* _Task brief_: The expected output is an exact copy of each line from the line with "Falln Pride Hand Fan (Front)" through the end of the data below, with no pictures in it.

* _Supplied data_:
▶

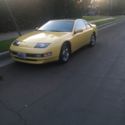 Pearl Glow Yellow 1991 Nissan 2+2 in flawless condition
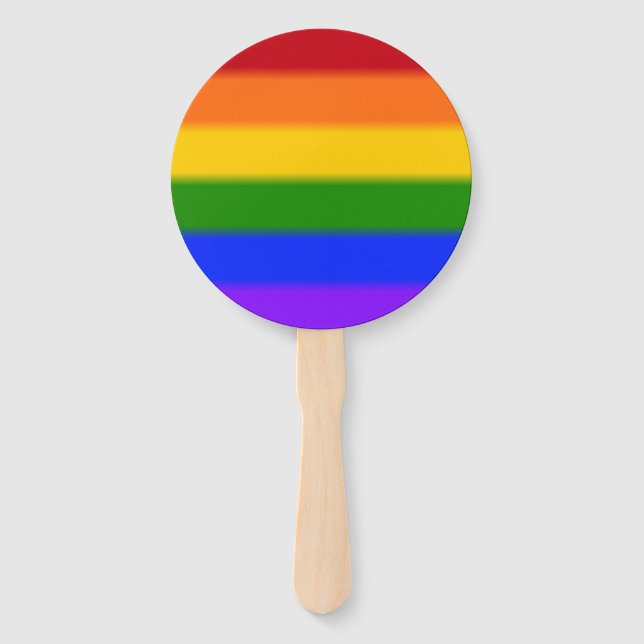 Falln Pride Hand Fan (Front)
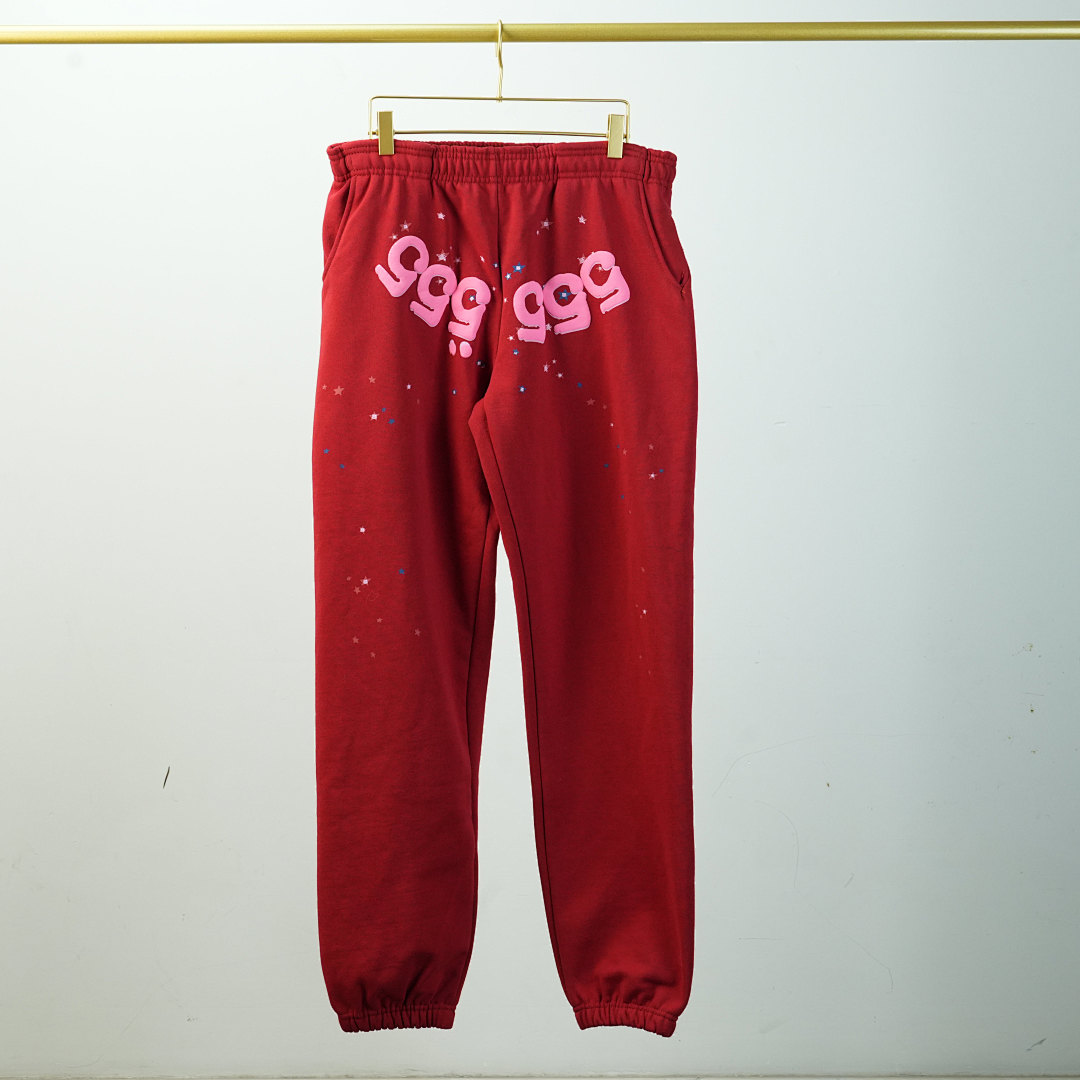 Other Sp5Der Worldwide Red Angel Number 555 Sweatpants - Image 20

◀

* _Answer space_:
 Falln Pride Hand Fan (Front)
 Other Sp5Der Worldwide Red Angel Number 555 Sweatpants - Image 20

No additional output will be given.